No DNS client would be.
This affects gethostbyname which very few programs in my experience even support robustly, so any “use-case” where someone is using 100 results would surprise me.
It seems if you need to write something custom, a www client is better (which consul also supports).
I think if you insist on writing gethostbyname instead of the res_* calls in bind, and robustly handle all results in a sensible way, then that’s silly, and if you have an existing application that works great with ~70 addresses but not 100 I would be curious to know what it is.
I'm not really sure what you mean by "support gethostbyname robustly" or that "dns clients aren't affected." Because on a GNU/Linux system the only correct method of resolving DNS is by using gethostbyname (or nowadays getaddrinfo) and friends. If you do anything else things will be broken because you aren't following the distro's/system integrator's/sysadmin's/user's configured NSS modules for name resolution.
And getaddrinfo returns a linked list of results so it's not exactly hard to support 100 results. All the actual junk about TCP/UDP is completely abstracted away from the caller.

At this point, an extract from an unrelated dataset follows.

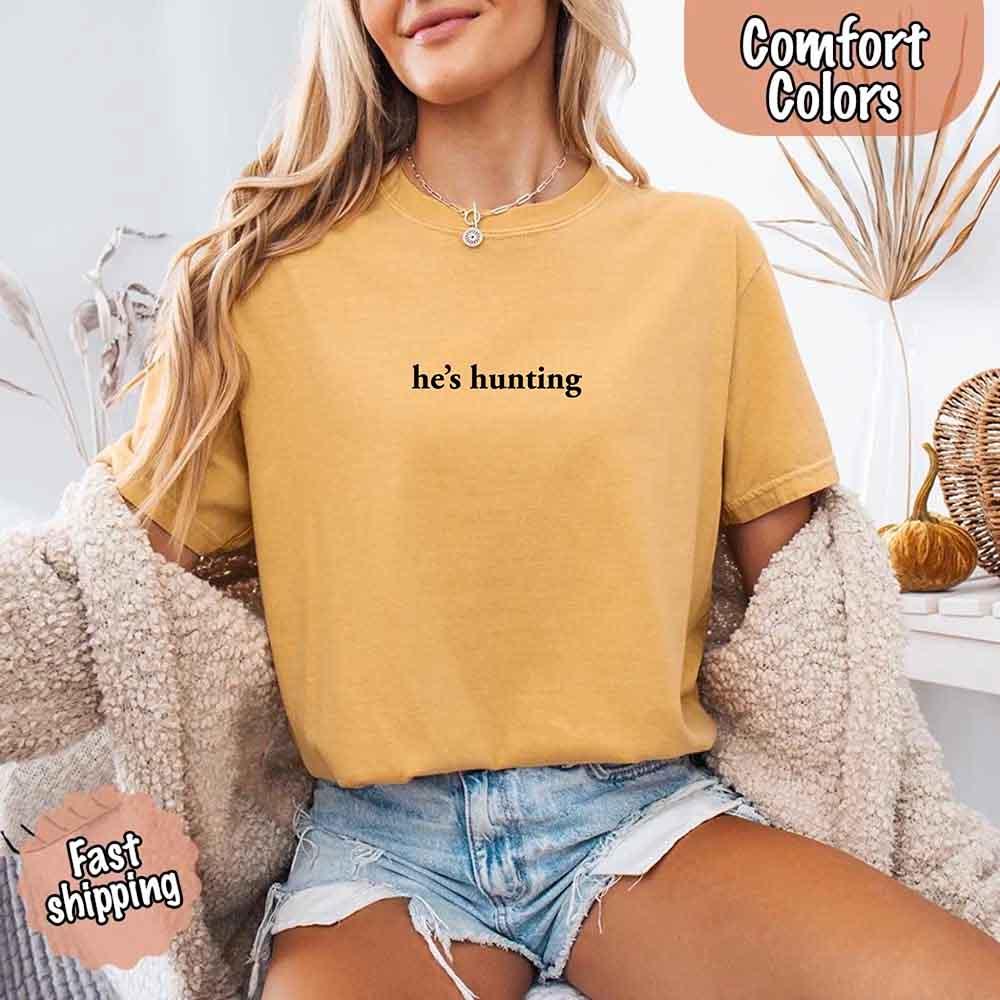 "He’s Hunting" T-shirt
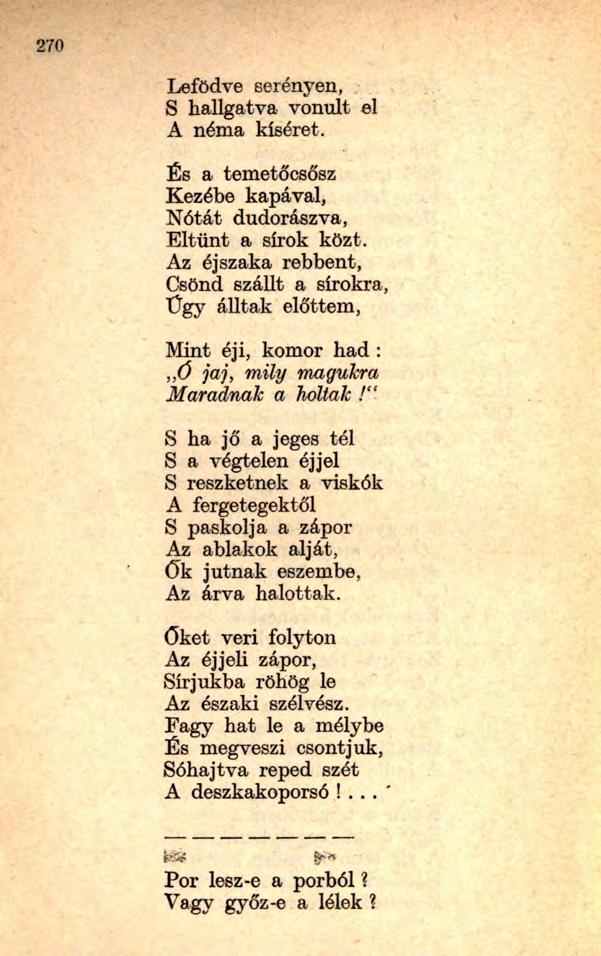 Lefödve serényen, S hallgatva vonult el A néma kíséret. És a temetőcsősz Kezébe kapával, Nótát dudorászva, Eltűnt a sírok közt.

So sure, while you could use your own DNS client specifically for talking to Consul's DNS server the whole point of the thing is to act as a compatibility layer for software you didn't write and which will 100% of the time use glibc's methods.
> on a GNU/Linux system the only correct method of resolving DNS is by using gethostbyname
I don't think that's right.
gethostbyname() doesn't query DNS, it queries names, which includes /etc/hosts, and possibly NIS, active directory, and other possible things. Most applications would never be expecting 100 results from one of these queries and many will not tolerate it well.
Specialised users of gethostbyname() can certainly do better, but what I doubt is the wisdom of such specialisation: It certainly has nothing to do with the application -- it is literally under the control of the network administrator as you are well aware. Specialisation can occur in your application, but it can just as easily specialise another way.
On the other hand, if your application really wants to specially speak to Consul's DNS (as opposed to whatever the network administrator is doing) it can definitely use res_query()
> so it's not exactly hard to support 100 results
Maybe we mean different things by "support": What do you do with them?
> I'm not really sure what you mean by "support gethostbyname robustly"
When most applications connect to a host they get from gethostbyname they often connect to the first, and give up if the connection opens and resets: This is exceptionally common with load balancers and address translation. To those applications, what is the point of giving them multiple results in this situation?
A few applications try to handle the result robustly: connect to a random member of the list, or connect to several in parallel and try the request in parallel. Some applications do really wild stuff here to make a good user-experience.
Most do not.
When someone types `ping google.com` (for example) you only ever get one result. If that name doesn't ping, it doesn't try another.
Most are like that.
Hopefully that makes what I mean by "robustly" clearer.